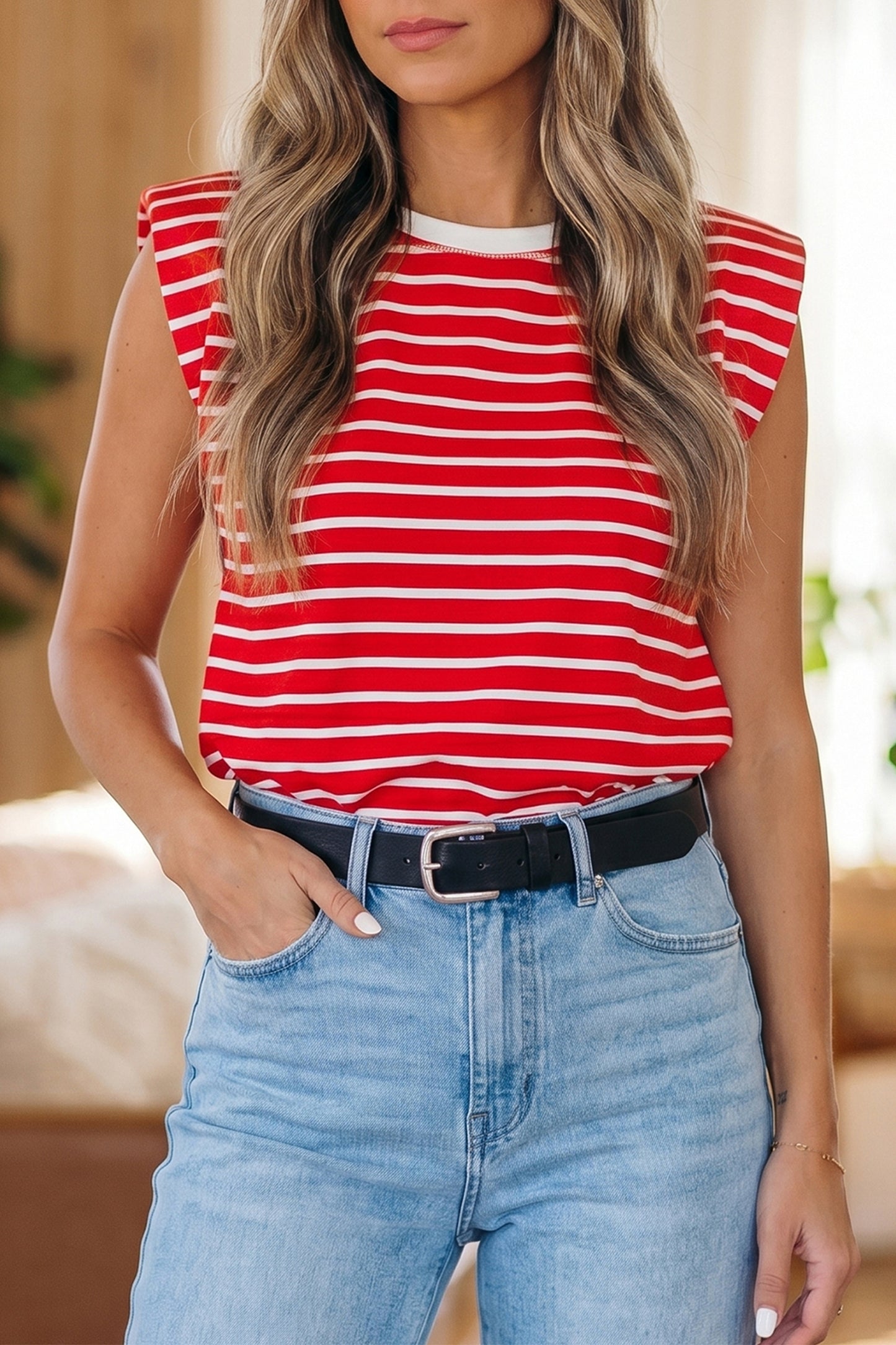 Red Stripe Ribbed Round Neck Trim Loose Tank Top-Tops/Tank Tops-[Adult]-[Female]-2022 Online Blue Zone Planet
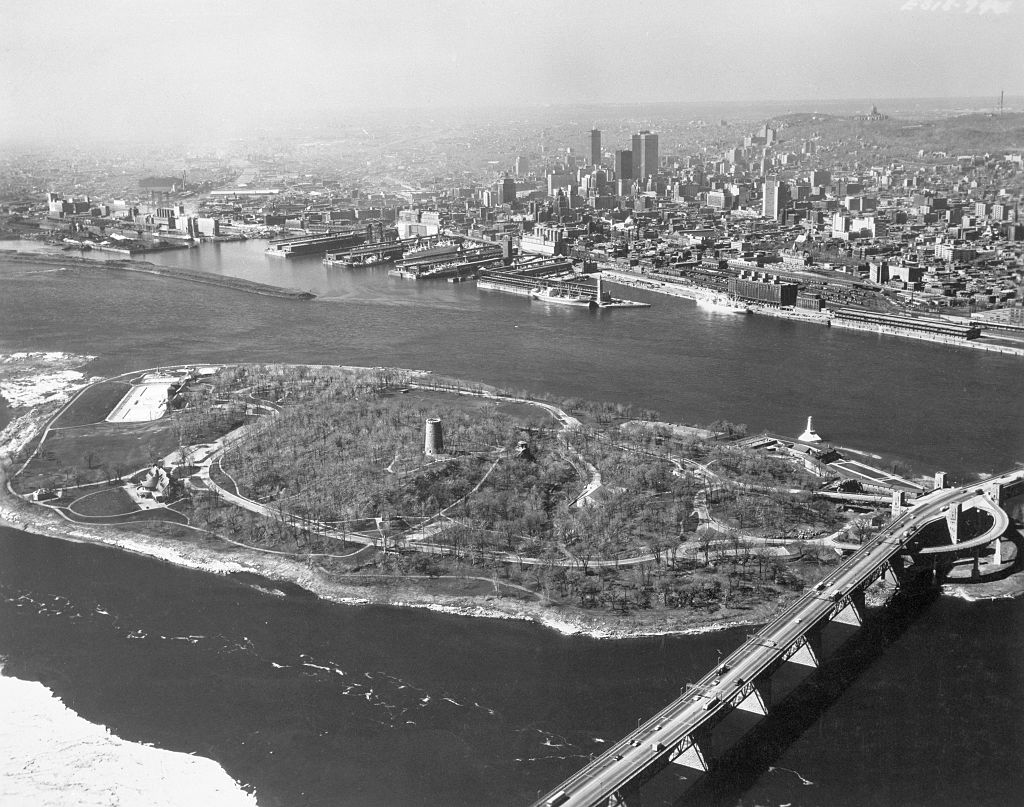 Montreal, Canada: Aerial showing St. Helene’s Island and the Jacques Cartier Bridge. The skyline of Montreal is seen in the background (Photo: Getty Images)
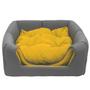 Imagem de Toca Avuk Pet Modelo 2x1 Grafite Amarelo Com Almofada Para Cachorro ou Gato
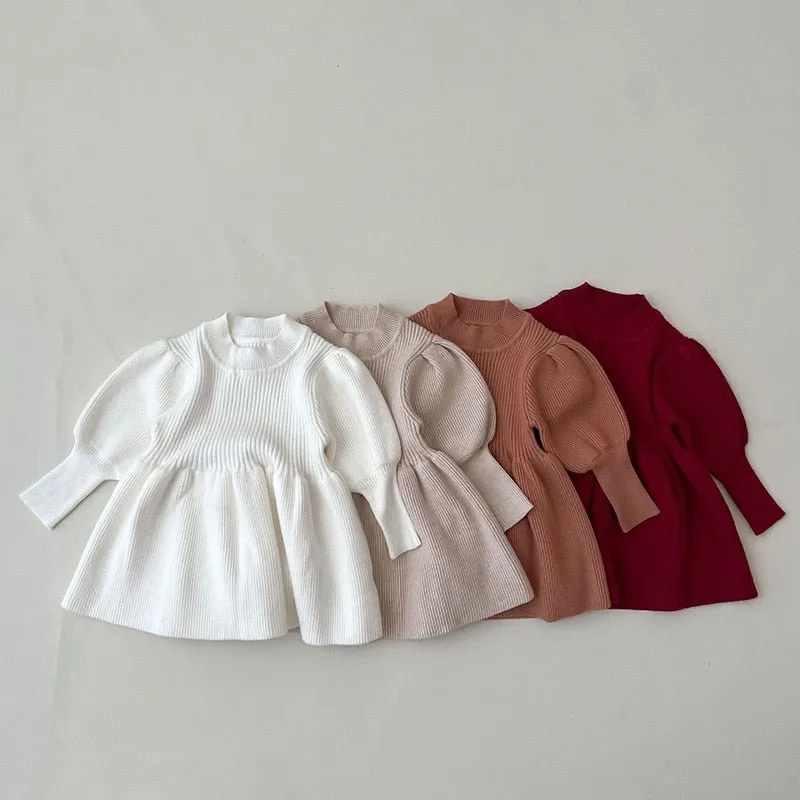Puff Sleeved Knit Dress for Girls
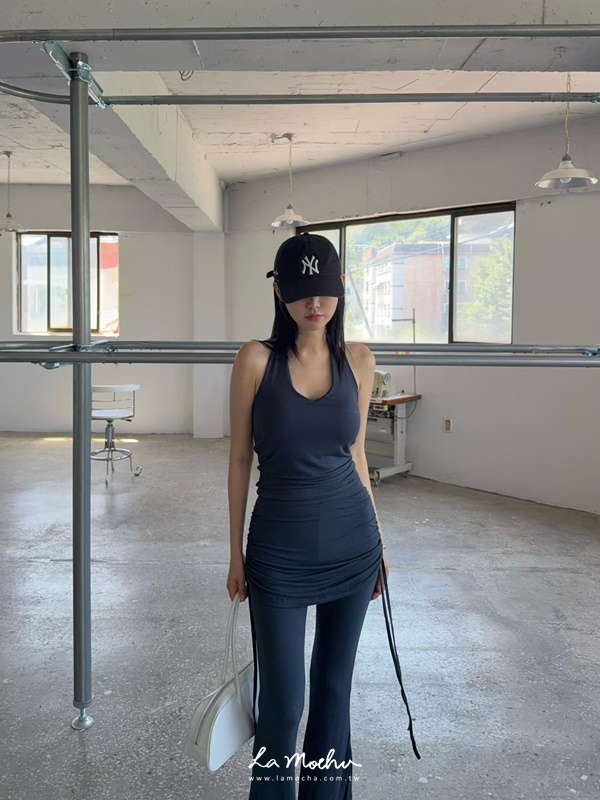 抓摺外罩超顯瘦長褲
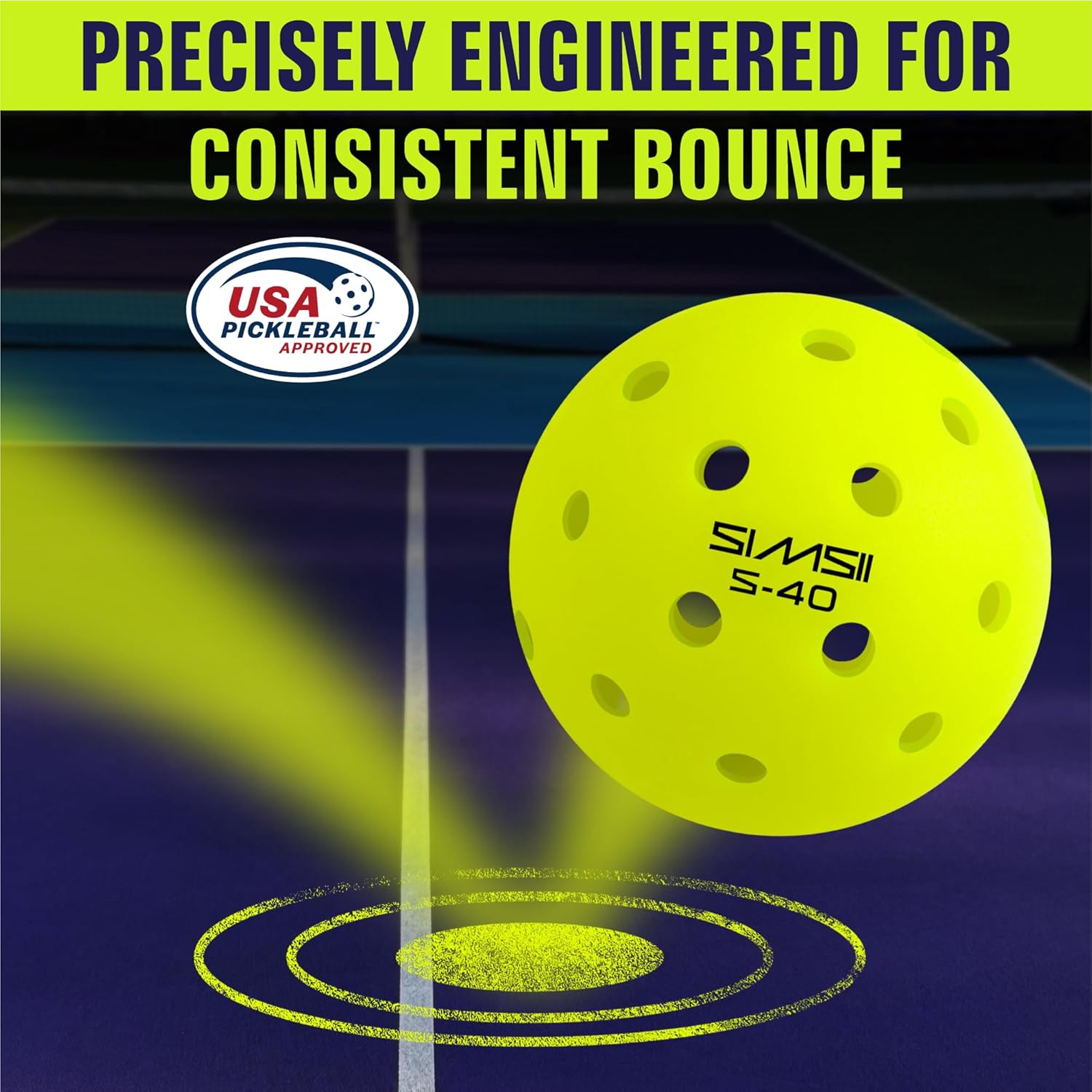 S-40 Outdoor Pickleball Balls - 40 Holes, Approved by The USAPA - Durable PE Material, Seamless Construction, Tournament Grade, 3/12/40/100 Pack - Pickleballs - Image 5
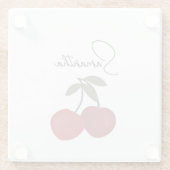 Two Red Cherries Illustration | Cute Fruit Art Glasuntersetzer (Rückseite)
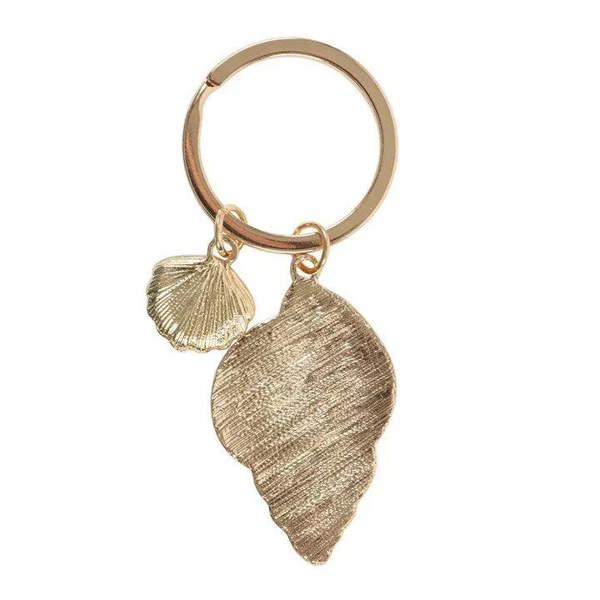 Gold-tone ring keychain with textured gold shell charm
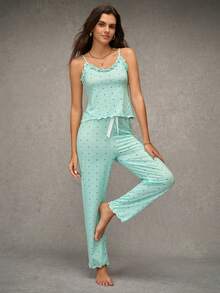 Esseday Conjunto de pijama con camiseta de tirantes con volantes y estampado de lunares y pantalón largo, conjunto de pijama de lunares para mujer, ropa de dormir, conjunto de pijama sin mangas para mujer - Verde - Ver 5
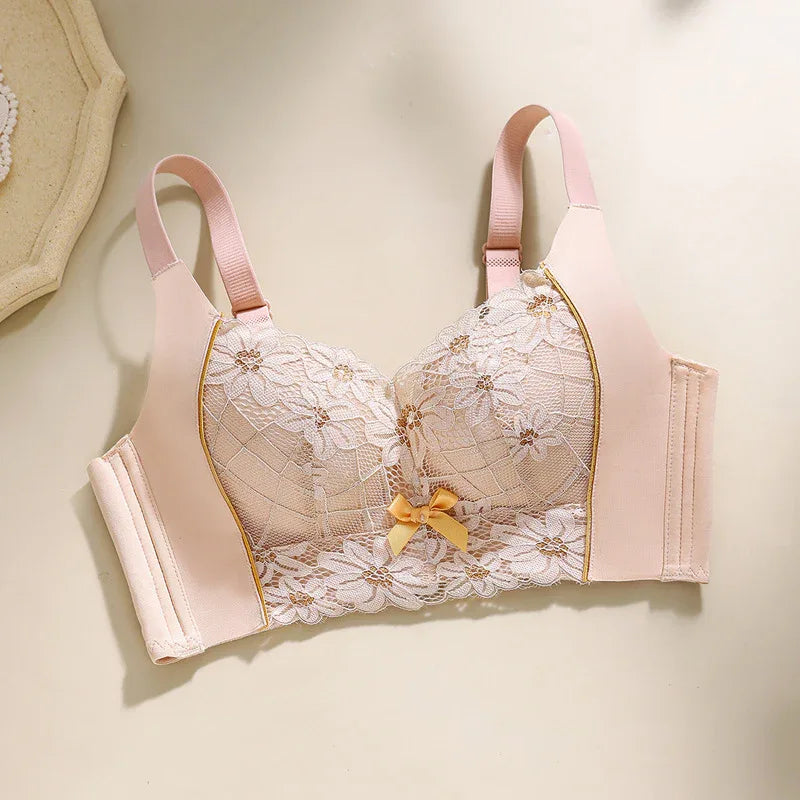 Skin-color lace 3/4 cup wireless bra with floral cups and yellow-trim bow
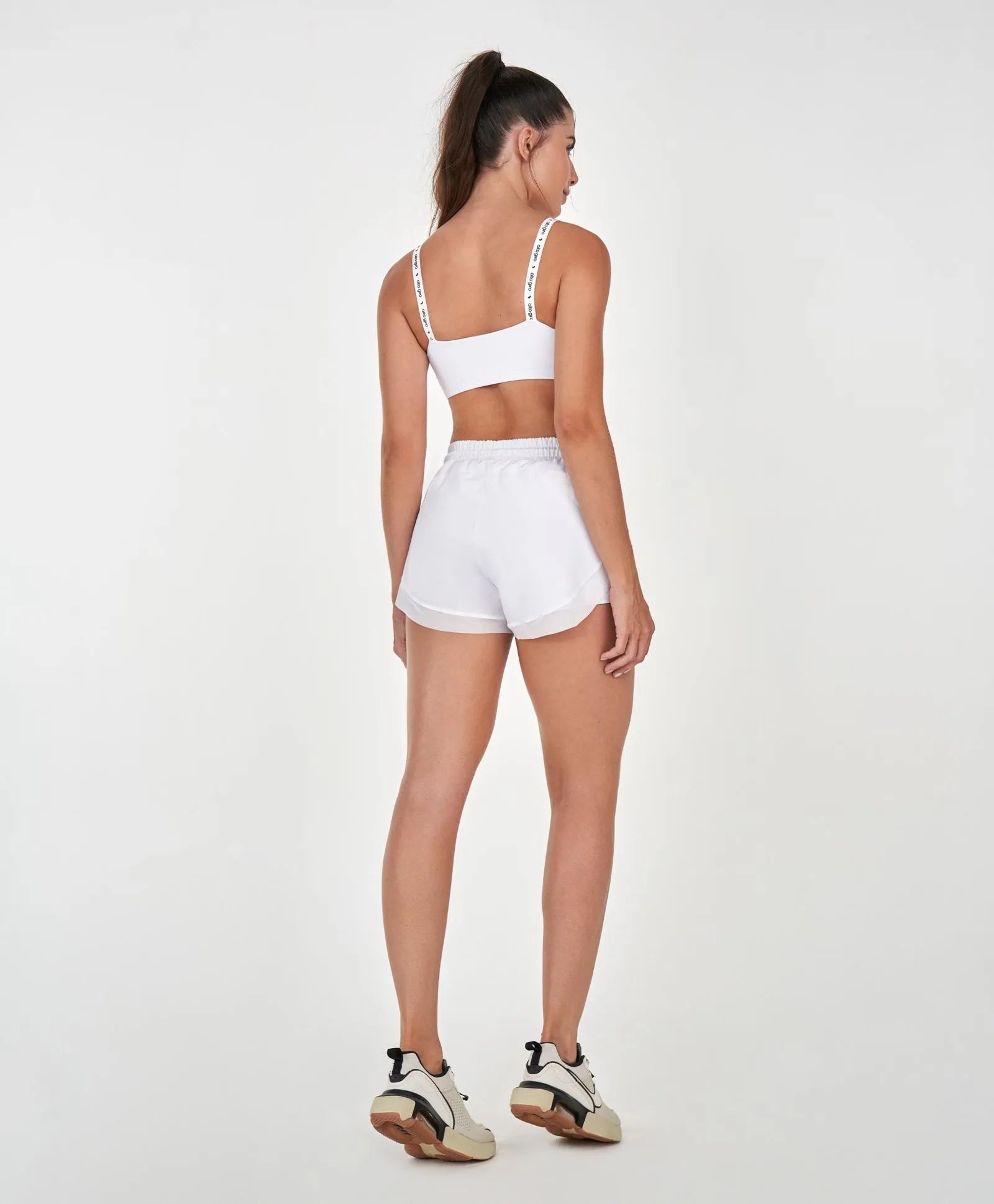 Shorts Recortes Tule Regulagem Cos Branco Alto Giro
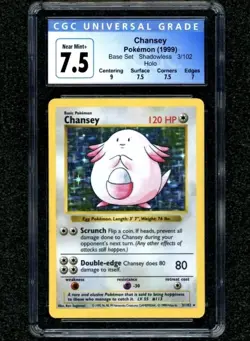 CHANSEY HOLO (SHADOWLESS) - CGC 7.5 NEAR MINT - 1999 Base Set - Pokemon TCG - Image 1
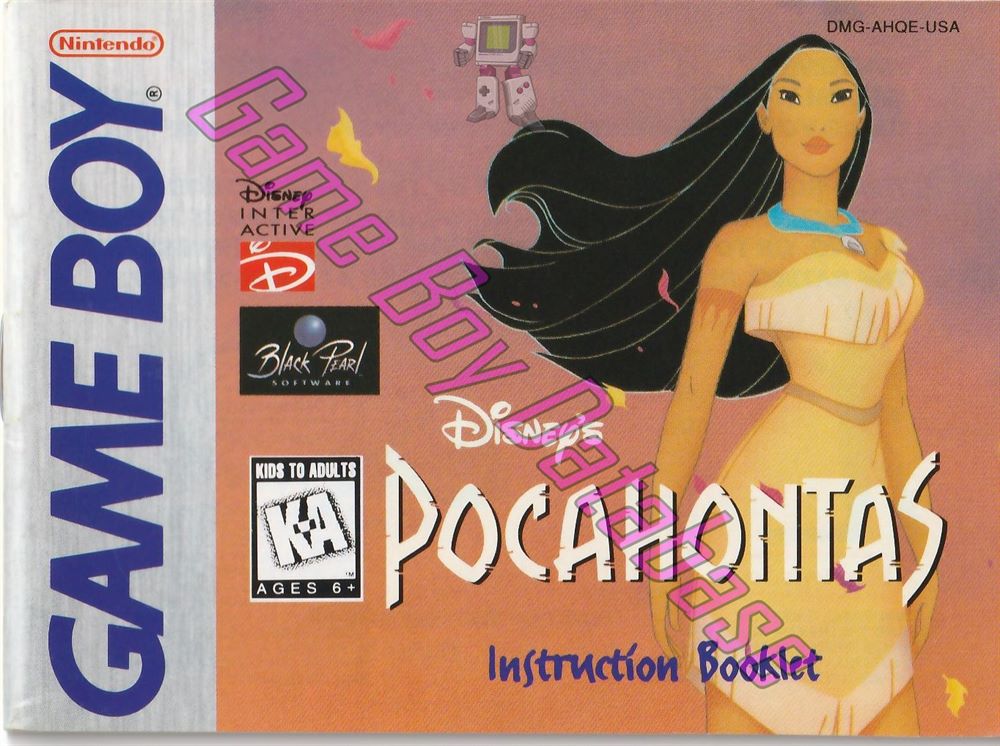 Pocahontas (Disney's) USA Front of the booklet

__GOAL OF THE EXERCISE__
Could you write out verbatim only those lines that run from the line containing "Gold-tone ring keychain" through the end of the listing above, both included, without the pictures?

__FINAL ANSWER__
 Gold-tone ring keychain with textured gold shell charm
 Esseday Conjunto de pijama con camiseta de tirantes con volantes y estampado de lunares y pantalón largo, conjunto de pijama de lunares para mujer, ropa de dormir, conjunto de pijama sin mangas para mujer - Verde - Ver 5
 Skin-color lace 3/4 cup wireless bra with floral cups and yellow-trim bow
 Shorts Recortes Tule Regulagem Cos Branco Alto Giro
 CHANSEY HOLO (SHADOWLESS) - CGC 7.5 NEAR MINT - 1999 Base Set - Pokemon TCG - Image 1
 Pocahontas (Disney's) USA Front of the booklet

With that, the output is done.